The most common roll in D&D is using the result of a 20 sided die and comparing it to some pre-determined threshold value set by the dungeon-master (a sort of narrator/referee for the game). Your character’s chance of success isn’t left to being a coin flip: if they’re attempting something they’re good at, like a keen eyed elven archer shooting her bow, you’ll get to add a number to the die roll before comparing it to the target value. Likewise, if they’re attempting something they’re bad at, like a dim-witted orc trying to see through an illusion, you’ll have to subtract a number from the die roll. These added/subtracted numbers, called modifiers, have been used since the first version of D&D, played some 40 odd years ago. The most recent edition of D&D (5th edition, released in 2014) still uses modifiers, but it has also added a new twist: advantage and disadvantage.

Previously, everything was handled with modifiers: both the inherent abilities of your character and the circumstances of a particular moment. For example, the elven archer might get a +6 modifier on any attack made with her bow, and if she was attacking an unsuspecting victim who hadn’t noticed her yet, she might get an additional +4 modifier. Depending on the circumstances of a particular action, many different modifiers could apply, and you would add them all up to find the final modifier to use. In 5th edition, there are still modifiers, but they primarily apply to the inherent abilities of the hero. The circumstances of the particular action use a new system called advantage and disadvantage. Most checks will be made without advantage or disadvantage, and you simply roll the 20 sided die and add your inherent modifier. If the circumstances are favorable to your character’s success (e.g., the aforementioned bow-shooting while not being noticed), you can roll with advantage, which means you get to roll two 20 sided dice and take the higher value. If the circumstances are unfavorable, you roll with disadvantage, meaning that you roll two 20 sided dice and take the lower value.
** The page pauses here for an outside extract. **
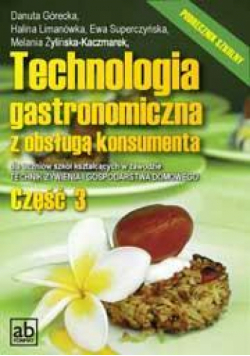 Technologia gastronomiczna z obsługą 3 FORMAT-AB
The advantage system is more elegant, as you no longer need to determine a numerical modifier for each situation, you just decide if a situation calls for advantage, disadvantage, or neither. However, it’s also less flexible, as it can’t accommodate any subtlety between cases where advantage does apply. With positive modifiers, you can give +1, +2, +3, and beyond. With advantage, you either get advantage on the roll or you don’t.

When I first learned about this system, advantage seemed incredibly powerful to me, and like something that should be used sparingly. Getting to roll twice and choosing the higher value intuitively feels like you should almost always succeed! But as we’ll get to in the real meat of this post, that is not necessarily the case. Since this is ultimately all about probability, we can convert between advantage and an “effective modifier”, to see how much likelier advantage makes us to succeed on a roll.

The target value you are trying to beat (or match) with your roll is called a difficulty class, or DC. Without modifiers or advantage/disadvantage, it’s simple to calculate your chance of success. There are 20-DC sides that would beat the DC, and one side that would match it. A fair 20 sided die has an equal chance of landing on any of its 20 sides, so your chance of success is given by:

\text{prob. success}=\frac{20-DC}{20}+ \frac{1}{20}= \frac{21-DC}{20}

If we add in modifiers, it doesn’t complicate things much. A modifier of +3 means that there are three additional sides we can roll on that die that will lead to success, while a modifier of -2 means there are two fewer sides. So, adding this into our equation, we get:

\textrm{prob. success}=\frac{21-DC+\textrm{mod}}{20}

We can see that changing the modifier by 1 changes the probability of success by 1/20, or 5%. This corresponds to the 20 sided die having a 5% chance of landing on any given side, and changing the modifier by 1 leading to one additional (or fewer) side of the die leading to success.

This makes it very easy to see how changing a modifier affects probability. Assuming that the DC is in the range where it will be possible for us to succeed or fail (i.e., it’s not extremely low like -4 or extremely high like 37), a +2 modifier will always improve our probability of success by 10%, and a -5 modifier will always decrease the probability of success by 25%.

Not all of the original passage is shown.